Victoria GM and head coach Dan Price said he had no comment about whether he shopped around Fizer or Peach.

“What I can say is that every team is inquiring about other teams’ players all the time,” said Price.

“There is not a player in the league that is not talked about at some point [among the GMs].”

The Royals, with a roster short-staffed due to injuries and COVID protocols, have lost five consecutive games after beating the Giants three straight times after Christmas.

“I really believe in our lineup and what it can do when we get 100 per cent healthy,” said Price.

“This room is super positive and super confident [despite the losing streak]. This group is unfazed, win or lose. They just look to the next game.”

Expected to return this weekend are import forwards Keanu Derungs and Marcus Almquist, respective Swiss and Danish U-20 internationals. Fizer is week-to-week of the notables still likely to be out.

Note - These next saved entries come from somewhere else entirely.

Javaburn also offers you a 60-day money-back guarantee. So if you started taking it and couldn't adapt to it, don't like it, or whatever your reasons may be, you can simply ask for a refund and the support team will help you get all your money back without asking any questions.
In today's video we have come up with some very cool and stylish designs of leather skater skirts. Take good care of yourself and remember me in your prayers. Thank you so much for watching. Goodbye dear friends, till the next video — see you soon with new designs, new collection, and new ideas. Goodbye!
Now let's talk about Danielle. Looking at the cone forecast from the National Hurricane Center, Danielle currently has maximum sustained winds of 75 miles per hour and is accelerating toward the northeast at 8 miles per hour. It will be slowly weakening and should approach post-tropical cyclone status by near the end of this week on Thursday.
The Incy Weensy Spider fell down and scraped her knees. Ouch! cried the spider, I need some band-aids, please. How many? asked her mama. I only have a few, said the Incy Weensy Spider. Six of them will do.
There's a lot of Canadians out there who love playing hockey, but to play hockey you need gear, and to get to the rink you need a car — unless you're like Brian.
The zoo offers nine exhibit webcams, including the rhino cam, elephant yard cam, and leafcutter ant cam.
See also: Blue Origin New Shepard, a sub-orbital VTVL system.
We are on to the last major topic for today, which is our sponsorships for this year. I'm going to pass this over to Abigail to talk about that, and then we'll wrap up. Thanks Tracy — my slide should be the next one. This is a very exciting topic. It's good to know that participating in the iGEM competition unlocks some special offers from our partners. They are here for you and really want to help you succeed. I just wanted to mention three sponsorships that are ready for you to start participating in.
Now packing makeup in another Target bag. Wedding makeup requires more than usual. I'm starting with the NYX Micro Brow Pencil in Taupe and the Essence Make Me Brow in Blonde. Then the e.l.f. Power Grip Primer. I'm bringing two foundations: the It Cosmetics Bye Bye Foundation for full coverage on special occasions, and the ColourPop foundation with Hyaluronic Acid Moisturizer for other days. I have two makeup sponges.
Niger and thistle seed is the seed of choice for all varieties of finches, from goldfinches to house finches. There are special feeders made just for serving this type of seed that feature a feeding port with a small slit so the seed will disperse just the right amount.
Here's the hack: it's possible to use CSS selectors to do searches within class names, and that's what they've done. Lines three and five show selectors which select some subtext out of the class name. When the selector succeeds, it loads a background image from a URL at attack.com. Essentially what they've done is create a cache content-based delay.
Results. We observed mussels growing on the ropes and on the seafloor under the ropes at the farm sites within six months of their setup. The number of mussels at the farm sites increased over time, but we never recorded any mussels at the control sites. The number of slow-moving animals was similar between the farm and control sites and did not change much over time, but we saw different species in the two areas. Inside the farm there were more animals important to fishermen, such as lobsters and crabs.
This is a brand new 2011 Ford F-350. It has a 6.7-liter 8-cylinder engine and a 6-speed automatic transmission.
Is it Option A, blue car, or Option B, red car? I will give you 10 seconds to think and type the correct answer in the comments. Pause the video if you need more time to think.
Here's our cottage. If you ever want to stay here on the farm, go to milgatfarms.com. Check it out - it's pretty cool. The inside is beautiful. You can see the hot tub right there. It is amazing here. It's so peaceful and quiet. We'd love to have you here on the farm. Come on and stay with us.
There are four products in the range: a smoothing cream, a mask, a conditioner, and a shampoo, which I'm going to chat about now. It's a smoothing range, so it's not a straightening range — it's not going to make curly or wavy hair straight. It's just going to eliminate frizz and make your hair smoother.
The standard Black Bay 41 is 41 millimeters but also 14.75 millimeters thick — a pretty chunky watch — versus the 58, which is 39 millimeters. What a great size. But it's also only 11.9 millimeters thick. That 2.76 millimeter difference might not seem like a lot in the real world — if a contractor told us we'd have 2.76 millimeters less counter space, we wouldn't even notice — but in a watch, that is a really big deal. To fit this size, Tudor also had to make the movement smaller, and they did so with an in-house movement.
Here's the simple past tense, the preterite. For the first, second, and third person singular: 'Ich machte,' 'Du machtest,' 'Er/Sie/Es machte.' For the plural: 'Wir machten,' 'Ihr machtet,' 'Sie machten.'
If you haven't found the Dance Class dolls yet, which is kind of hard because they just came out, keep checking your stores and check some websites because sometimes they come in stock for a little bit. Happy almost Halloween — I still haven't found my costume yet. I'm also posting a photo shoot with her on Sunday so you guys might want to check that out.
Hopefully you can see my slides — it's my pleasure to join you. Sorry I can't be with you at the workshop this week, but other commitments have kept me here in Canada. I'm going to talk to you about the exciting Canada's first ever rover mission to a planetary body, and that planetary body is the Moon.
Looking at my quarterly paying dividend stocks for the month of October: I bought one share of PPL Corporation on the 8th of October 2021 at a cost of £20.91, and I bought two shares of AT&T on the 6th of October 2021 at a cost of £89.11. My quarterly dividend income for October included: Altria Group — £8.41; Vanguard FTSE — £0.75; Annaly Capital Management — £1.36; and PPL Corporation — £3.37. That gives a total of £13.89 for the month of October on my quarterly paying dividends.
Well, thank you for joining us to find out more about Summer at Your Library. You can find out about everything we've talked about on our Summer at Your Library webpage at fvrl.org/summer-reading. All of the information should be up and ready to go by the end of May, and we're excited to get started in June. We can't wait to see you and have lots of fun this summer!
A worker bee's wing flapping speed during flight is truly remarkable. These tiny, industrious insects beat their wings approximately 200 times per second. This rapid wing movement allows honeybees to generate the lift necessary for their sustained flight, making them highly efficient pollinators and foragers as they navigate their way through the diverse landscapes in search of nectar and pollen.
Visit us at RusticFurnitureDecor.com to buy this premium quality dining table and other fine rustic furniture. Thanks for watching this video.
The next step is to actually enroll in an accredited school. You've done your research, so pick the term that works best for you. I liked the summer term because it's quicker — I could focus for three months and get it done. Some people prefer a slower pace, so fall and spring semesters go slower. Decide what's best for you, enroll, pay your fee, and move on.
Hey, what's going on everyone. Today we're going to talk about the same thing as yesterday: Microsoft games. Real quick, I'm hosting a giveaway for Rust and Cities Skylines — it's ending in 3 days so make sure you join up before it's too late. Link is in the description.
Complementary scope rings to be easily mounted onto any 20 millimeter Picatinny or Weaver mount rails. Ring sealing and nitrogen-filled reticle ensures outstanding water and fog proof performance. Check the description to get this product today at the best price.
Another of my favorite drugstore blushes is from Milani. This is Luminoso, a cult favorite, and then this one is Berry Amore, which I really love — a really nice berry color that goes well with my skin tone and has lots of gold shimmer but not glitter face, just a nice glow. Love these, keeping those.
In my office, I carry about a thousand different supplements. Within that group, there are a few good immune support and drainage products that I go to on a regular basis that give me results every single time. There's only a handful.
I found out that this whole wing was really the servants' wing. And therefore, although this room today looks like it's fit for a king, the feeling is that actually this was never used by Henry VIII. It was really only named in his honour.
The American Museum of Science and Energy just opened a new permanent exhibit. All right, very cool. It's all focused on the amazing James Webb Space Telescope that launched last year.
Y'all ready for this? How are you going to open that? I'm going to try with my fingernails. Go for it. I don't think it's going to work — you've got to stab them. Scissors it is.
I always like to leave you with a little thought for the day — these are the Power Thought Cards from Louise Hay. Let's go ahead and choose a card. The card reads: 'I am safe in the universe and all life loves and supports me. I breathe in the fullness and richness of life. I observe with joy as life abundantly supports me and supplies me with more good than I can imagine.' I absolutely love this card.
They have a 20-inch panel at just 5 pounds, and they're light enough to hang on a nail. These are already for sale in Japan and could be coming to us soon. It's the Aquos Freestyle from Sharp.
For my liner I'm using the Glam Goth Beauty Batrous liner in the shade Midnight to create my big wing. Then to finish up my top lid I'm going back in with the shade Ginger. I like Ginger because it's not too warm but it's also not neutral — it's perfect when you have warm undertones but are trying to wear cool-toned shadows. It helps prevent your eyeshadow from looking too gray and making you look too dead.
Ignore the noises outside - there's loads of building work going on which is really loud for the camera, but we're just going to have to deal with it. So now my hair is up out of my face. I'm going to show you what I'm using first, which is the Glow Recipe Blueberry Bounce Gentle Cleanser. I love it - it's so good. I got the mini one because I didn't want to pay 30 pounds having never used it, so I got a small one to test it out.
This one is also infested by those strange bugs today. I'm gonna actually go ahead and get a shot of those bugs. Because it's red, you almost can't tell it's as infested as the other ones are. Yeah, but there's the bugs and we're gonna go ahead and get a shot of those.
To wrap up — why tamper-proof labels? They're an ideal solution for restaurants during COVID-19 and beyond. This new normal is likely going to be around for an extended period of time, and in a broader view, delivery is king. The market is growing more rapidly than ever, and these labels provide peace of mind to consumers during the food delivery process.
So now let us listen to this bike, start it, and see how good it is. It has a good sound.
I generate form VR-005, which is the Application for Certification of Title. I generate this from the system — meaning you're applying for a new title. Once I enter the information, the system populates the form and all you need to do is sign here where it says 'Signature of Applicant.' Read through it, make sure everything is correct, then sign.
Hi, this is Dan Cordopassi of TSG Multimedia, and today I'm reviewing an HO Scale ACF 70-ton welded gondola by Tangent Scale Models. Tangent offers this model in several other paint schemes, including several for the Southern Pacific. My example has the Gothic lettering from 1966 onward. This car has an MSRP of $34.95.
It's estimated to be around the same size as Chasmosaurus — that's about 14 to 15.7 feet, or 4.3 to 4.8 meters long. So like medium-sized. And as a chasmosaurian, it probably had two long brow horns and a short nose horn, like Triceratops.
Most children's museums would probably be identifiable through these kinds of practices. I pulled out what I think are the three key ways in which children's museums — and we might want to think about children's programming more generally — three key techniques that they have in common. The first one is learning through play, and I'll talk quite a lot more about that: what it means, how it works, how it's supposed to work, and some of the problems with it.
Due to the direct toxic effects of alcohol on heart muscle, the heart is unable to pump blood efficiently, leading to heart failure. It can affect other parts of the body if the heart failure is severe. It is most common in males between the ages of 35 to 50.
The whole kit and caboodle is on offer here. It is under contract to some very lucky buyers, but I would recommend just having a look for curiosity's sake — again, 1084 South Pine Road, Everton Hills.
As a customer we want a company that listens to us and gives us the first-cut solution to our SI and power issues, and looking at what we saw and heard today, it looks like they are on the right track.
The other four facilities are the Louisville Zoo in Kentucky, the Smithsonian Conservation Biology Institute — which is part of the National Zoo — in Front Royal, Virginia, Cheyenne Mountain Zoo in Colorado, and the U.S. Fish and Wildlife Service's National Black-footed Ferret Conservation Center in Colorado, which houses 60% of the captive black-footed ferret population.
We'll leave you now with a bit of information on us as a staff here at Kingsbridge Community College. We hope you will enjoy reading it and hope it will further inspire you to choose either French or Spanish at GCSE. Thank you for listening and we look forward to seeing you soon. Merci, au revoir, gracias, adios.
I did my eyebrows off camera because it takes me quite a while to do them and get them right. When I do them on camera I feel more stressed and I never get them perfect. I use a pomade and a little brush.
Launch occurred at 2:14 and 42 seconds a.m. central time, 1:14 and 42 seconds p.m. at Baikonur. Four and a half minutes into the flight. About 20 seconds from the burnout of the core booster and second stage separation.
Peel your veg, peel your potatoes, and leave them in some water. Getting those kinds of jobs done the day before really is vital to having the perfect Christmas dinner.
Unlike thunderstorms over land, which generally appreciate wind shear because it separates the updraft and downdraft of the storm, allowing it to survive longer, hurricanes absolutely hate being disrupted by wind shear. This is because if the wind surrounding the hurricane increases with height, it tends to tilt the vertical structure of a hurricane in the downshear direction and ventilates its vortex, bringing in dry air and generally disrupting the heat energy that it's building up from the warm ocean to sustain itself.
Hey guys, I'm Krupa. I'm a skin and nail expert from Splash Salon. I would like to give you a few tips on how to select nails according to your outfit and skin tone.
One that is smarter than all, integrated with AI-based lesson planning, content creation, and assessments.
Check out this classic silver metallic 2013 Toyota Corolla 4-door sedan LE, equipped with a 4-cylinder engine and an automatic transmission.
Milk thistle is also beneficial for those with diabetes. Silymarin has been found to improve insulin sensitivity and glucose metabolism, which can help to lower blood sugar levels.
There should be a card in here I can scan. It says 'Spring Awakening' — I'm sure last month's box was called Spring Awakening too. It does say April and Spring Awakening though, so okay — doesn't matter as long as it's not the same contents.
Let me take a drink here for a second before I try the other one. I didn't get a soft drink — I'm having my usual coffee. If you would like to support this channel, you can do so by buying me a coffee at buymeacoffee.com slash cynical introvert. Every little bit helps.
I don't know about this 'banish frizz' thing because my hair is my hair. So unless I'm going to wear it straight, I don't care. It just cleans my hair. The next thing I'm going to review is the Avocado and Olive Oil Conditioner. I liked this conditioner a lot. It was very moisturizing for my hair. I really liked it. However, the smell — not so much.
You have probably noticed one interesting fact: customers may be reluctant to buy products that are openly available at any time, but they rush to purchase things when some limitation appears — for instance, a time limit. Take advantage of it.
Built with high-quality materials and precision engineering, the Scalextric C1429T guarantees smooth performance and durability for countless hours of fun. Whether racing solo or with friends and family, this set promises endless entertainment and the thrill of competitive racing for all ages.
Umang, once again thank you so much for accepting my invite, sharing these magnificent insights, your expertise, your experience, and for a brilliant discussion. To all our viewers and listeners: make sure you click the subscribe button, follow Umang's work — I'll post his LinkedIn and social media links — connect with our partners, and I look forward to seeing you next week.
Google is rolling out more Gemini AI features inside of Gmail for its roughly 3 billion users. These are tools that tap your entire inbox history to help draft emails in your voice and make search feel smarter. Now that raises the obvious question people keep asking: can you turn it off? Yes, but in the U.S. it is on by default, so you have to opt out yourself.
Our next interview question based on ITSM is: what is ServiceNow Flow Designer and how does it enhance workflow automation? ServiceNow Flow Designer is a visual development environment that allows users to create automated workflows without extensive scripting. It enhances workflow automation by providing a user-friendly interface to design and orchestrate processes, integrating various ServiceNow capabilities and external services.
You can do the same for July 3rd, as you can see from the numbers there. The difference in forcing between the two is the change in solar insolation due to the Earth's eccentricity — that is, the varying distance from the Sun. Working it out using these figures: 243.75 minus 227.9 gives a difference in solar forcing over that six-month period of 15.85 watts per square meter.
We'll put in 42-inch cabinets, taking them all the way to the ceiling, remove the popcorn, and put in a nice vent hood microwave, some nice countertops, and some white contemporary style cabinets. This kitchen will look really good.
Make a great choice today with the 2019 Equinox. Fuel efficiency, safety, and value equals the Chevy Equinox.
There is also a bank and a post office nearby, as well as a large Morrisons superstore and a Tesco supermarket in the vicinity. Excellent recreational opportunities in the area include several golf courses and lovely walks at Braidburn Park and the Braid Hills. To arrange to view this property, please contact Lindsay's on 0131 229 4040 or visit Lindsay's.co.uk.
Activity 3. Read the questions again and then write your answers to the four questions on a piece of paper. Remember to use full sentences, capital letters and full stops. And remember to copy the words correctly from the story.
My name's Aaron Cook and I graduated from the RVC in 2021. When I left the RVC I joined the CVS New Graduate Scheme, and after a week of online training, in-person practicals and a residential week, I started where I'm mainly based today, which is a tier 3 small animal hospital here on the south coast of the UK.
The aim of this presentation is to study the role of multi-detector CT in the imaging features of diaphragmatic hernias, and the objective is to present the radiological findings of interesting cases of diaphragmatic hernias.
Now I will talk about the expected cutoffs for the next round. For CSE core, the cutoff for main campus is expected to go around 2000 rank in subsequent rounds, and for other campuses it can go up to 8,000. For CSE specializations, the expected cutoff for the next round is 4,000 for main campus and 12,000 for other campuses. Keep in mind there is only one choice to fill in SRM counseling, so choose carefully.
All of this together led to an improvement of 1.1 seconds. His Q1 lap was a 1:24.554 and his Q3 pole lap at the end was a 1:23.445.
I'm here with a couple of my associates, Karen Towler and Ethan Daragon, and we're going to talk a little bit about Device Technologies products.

Vancouver (15-17-2), meanwhile, is 2-7-1 in its last 10 games but can’t be discounted. The Giants are still a factor in the conference with Boston Bruins first-round draft pick and Swedish-import Fabian Lysell, Ottawa Senators-signed Zack Ostapchuk and Swedish U-20 national team goaltender Jesper Vikman. The Giants further protected themselves for this season by acquiring veteran Regina Pats defenceman Tom Cadieux at the trade deadline in exchange for a third-round pick in the 2023 WHL prospects draft and a fifth-rounder this year. You can depart with those kinds of picks when you’ve just added three first-round selections.

Meanwhile, the eighth-place Royals (12-18-4) are just two points ahead of ninth-place Tri-City with the Americans holding a game in hand in the race for the eighth and final playoff berth in the Western Conference. There is a bit of pressure building. If the Royals miss the playoffs, some will certainly question the decision not to look to the future at the trade deadline.

The task doesn’t get any easier on Saturday night with runaway conference-leading Everett (26-7-4) coming into the Memorial Centre.